| Task |
All lines from the one containing "Challenge your sense" down to the one containing "Panther Black Midi", both ends included, are to be given again exactly; omit the rest of the listing below.

| Input material |

------------------------------------------------------------

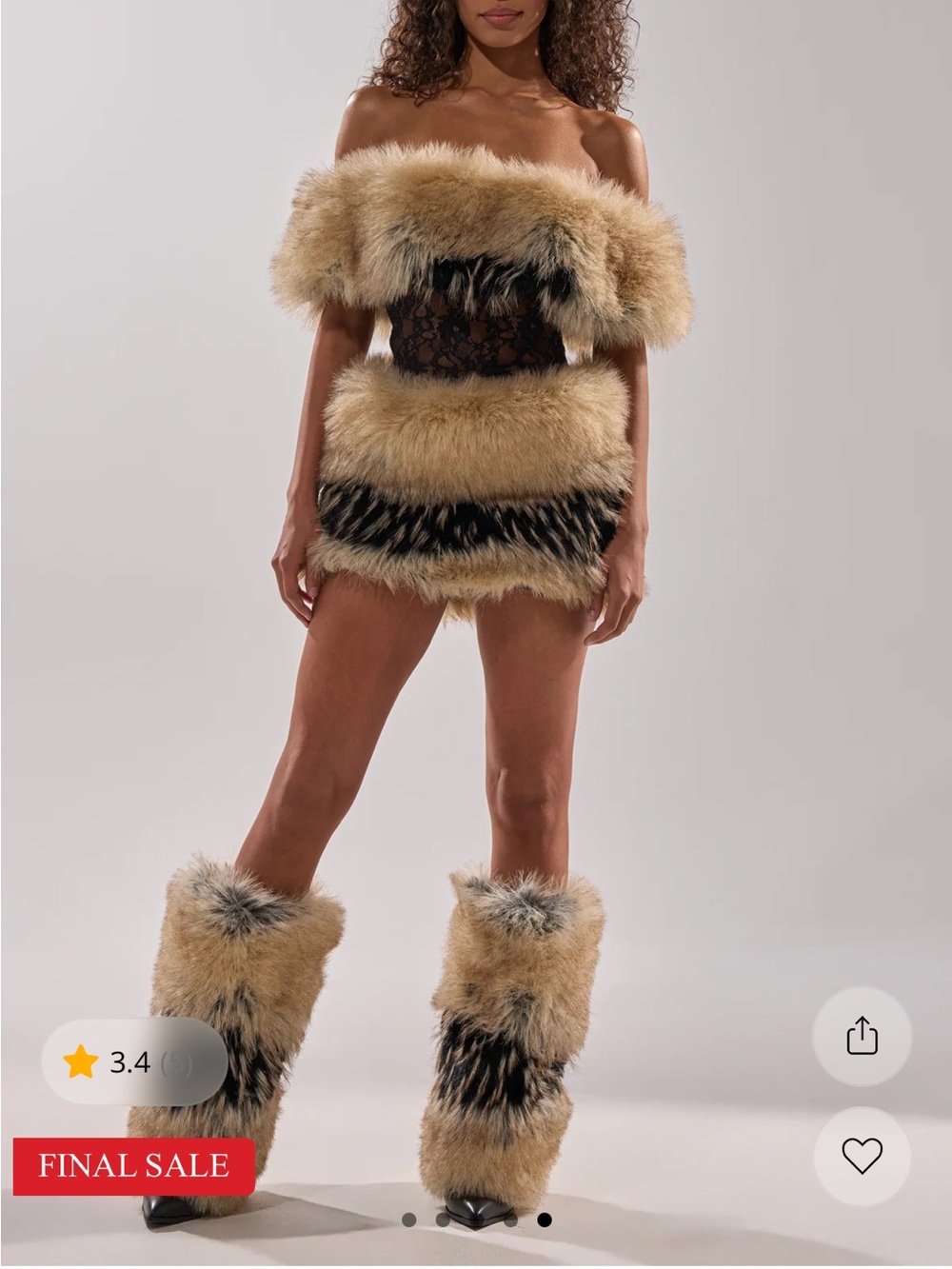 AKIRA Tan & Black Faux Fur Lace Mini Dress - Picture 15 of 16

------------------------------------------------------------

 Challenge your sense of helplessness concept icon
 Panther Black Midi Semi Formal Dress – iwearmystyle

------------------------------------------------------------

| Response |
 Challenge your sense of helplessness concept icon
 Panther Black Midi Semi Formal Dress – iwearmystyle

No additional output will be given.